Brief
Exactly as they appear below, repeat the lines from the one with "Hansgrohe Metropol Einhebel-Waschtischmischer" through the one with "Farmhouse 19.69 in.", and no others.

Information given
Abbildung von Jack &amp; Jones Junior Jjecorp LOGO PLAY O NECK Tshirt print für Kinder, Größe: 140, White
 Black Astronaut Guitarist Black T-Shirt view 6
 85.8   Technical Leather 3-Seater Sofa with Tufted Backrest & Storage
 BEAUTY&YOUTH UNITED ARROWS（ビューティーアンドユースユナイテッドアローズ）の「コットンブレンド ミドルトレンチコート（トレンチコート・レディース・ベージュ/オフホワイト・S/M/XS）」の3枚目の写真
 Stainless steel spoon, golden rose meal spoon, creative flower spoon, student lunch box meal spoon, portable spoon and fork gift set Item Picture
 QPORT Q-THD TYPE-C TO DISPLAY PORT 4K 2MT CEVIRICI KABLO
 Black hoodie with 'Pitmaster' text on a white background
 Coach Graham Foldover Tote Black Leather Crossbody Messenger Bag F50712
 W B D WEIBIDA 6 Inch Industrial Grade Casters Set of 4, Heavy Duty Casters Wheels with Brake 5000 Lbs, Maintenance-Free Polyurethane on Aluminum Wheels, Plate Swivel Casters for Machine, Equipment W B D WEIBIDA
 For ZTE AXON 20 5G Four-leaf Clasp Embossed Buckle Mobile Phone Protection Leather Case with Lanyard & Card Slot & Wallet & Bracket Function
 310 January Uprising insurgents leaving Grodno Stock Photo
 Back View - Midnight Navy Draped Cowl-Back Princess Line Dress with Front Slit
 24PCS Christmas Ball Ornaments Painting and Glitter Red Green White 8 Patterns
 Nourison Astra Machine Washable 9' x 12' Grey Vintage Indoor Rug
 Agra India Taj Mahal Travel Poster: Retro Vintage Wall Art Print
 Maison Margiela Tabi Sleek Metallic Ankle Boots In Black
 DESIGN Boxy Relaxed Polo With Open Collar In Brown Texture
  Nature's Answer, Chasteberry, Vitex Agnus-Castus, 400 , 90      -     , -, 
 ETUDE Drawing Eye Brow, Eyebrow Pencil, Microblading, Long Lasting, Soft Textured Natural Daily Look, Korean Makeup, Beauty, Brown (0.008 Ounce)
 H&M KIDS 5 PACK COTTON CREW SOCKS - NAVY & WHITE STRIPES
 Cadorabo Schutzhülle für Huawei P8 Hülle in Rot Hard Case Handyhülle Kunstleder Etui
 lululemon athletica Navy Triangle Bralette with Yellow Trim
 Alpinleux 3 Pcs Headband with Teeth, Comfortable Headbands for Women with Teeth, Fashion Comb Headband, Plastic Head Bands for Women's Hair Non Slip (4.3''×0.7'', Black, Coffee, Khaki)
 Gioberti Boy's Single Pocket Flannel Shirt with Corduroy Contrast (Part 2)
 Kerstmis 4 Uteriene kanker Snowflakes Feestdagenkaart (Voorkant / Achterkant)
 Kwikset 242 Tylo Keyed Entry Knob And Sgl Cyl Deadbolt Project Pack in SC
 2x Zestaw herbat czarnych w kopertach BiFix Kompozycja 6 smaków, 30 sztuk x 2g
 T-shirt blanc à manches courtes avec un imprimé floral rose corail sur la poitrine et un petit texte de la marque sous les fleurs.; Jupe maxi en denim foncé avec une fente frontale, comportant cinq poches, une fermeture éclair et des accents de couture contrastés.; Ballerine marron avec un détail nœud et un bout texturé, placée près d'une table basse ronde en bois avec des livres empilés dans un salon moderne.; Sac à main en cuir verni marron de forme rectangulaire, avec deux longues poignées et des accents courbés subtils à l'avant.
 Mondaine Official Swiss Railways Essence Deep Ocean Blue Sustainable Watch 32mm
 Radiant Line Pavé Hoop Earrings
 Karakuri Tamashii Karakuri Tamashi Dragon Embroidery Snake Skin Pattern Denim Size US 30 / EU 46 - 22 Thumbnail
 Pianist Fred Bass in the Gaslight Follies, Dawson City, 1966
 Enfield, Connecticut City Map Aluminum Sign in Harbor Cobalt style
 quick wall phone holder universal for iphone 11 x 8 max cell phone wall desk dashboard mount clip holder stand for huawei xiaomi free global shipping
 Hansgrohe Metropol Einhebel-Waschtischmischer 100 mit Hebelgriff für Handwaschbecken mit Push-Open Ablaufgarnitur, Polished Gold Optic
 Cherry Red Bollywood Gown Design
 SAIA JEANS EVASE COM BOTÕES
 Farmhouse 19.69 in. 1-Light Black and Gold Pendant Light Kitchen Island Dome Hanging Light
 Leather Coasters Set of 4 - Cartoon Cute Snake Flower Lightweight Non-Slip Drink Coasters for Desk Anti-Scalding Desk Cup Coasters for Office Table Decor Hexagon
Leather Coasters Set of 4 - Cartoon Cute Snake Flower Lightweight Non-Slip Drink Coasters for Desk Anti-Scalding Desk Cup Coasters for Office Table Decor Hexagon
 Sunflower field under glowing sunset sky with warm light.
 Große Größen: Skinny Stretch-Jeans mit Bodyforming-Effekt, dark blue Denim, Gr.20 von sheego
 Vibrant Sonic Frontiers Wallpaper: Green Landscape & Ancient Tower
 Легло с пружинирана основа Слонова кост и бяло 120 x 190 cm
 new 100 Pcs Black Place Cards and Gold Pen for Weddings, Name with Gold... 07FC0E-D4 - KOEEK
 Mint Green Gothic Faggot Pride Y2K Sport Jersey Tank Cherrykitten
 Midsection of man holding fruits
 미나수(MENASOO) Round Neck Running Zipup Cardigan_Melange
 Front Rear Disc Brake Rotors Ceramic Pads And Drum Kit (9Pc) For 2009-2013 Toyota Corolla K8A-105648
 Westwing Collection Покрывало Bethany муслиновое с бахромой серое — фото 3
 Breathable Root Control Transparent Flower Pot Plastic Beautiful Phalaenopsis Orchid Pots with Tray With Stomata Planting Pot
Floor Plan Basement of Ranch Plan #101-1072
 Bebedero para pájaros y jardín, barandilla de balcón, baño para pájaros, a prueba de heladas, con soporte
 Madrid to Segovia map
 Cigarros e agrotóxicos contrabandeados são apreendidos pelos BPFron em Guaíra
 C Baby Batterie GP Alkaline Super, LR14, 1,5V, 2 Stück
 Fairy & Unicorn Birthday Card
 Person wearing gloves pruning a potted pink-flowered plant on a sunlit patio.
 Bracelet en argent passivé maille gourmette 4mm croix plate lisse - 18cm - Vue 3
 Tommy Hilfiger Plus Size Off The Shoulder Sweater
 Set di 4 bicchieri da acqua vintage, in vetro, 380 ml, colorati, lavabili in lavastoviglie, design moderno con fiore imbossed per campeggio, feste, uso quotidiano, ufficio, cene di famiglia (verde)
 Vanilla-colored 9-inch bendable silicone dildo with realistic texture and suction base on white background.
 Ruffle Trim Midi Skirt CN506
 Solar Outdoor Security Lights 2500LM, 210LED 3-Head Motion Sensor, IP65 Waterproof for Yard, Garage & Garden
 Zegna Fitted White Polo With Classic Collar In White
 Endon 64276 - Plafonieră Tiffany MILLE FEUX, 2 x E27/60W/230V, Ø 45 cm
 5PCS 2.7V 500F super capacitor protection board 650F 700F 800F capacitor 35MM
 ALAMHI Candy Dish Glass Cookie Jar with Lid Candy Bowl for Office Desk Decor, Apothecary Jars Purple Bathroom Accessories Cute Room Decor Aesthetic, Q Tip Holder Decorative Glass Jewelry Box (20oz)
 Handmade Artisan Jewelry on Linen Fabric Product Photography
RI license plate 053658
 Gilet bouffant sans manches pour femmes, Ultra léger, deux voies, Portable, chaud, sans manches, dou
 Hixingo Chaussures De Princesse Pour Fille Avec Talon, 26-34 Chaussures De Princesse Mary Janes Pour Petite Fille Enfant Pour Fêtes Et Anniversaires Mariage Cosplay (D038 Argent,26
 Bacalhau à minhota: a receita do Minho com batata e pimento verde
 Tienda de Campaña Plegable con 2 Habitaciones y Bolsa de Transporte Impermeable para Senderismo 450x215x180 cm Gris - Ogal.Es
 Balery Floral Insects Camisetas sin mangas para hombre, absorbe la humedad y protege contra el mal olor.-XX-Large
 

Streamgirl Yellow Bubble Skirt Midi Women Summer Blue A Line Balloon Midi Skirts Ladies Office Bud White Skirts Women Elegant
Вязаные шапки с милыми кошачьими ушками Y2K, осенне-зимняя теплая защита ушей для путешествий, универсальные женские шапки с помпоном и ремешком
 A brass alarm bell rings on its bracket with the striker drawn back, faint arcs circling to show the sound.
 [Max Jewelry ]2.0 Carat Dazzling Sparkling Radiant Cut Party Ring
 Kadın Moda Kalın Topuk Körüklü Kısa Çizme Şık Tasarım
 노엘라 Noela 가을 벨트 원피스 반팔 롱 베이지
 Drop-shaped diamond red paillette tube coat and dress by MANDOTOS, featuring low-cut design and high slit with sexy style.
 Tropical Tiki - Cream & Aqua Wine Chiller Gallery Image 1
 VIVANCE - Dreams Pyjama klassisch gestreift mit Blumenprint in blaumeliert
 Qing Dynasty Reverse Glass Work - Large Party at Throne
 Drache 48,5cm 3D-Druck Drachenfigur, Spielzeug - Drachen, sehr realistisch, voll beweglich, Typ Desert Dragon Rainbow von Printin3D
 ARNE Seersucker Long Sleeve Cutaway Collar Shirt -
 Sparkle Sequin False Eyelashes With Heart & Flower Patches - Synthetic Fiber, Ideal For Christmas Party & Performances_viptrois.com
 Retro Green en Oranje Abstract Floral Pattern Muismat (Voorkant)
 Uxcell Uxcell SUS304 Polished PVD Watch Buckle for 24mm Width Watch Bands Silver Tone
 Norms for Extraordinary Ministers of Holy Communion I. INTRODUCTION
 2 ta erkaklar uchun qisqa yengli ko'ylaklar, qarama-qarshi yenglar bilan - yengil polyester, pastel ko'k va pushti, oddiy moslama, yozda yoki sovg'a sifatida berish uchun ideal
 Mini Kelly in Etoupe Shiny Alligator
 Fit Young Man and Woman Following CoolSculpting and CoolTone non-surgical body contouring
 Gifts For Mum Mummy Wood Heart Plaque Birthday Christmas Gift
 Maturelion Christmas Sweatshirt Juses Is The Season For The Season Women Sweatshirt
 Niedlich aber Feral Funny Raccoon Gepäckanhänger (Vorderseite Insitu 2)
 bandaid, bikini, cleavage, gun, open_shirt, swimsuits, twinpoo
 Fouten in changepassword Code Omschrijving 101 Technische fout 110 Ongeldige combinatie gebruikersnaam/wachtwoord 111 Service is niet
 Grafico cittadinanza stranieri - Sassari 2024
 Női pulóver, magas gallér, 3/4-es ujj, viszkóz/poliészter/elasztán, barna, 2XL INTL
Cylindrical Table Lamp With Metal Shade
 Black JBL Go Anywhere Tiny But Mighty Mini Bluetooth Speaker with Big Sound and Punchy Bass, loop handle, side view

Task answer
 Hansgrohe Metropol Einhebel-Waschtischmischer 100 mit Hebelgriff für Handwaschbecken mit Push-Open Ablaufgarnitur, Polished Gold Optic
 Cherry Red Bollywood Gown Design
 SAIA JEANS EVASE COM BOTÕES
 Farmhouse 19.69 in. 1-Light Black and Gold Pendant Light Kitchen Island Dome Hanging Light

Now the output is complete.